Matt Tyler

Posted on Apr 22, 2020 • Originally published at mechanicalrock.github.io

Serverless With 100% Less Lambda

#javascript #aws #tutorial #beginners

Please reach out to me on Twitter @MatthewTyler13 if you have any questions!

Introduction

It often comes as a surprise to many developers that you don't actually need lambda when building certain kinds of API's with API Gateway. Many simple CRUD applications don't need it at all and can get away with service integrations to DynamoDB. In doing so, you no longer need to pay for the cost of a lambda execution, or incur additional latency from needing to invoke a lambda function. If all your lambda function does is store data in DynamoDB, you probably don't need that lambda function. The serverless express guestbook application that I've been using as an example is a good case study in this. In a previous installment, we implemented X-Ray tracing and noticed that storing and retrieving comments from S3 is quite slow. Let's refactor that to use DynamoDB, and remove the lambda functions in the process!
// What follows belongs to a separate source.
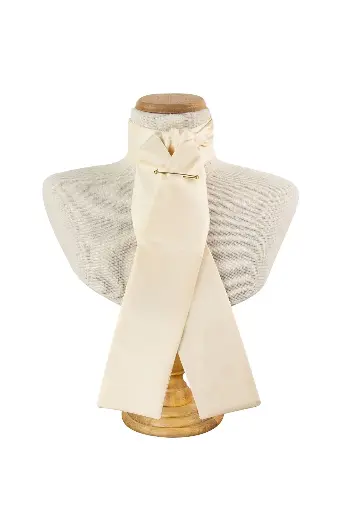 Racesafe pure silk stock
All code for this tutorial is available here. Aside from the tools required from previous installments (The AWS SAM CLI), it will help to have Postman installed to exercise the API later.

Database Design

Let's begin by designing the DynamoDB table. Theses are the following access patterns I want to cover;

I want users to be able to post comments.

This will logically require a field to hold author and message data.
I want users to be able to delete their own comments.
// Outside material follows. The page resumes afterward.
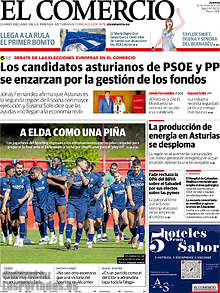 Periodico El Comercio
This means I will need a way to uniquely identify a particular comment, via an ID field.
I want to be able to list comments by user, most recent comments first.
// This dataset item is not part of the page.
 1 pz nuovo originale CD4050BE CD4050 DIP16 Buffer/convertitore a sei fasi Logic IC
This will require some sort of time field.
I want to able to list all comments, most recent comments first.

This adds nothing new field-wise (or does it?), but it may influence our indexing.

I've settled on the following fields/indexes

pk: This is the partition key - and I will store author data in this.
sk: This is the sort key - and I will store the comment ID in this field. Together, these two fields uniquely identify every comment in the database, and allow me to CRUD a particular comment
m: This field will contain the comment message.
d: This will store the time that a comment was made, in epoch (unix) time
pk_d: A local secondary index (LSI) that uses 'd' to sort the entries. This allows me to query a users comments in order by the time they were made
t: A static value that represents the type of entry. This will contain the string 'comment'
t_d: A global secondary index (GSI) to sort all comments by the date they were made. This is required to be able to query all comments and return them in the order they were made. Table scans do not return items in global order (only by partition order), so we require an additional partition key that all comments can belong to, and an associated sort key.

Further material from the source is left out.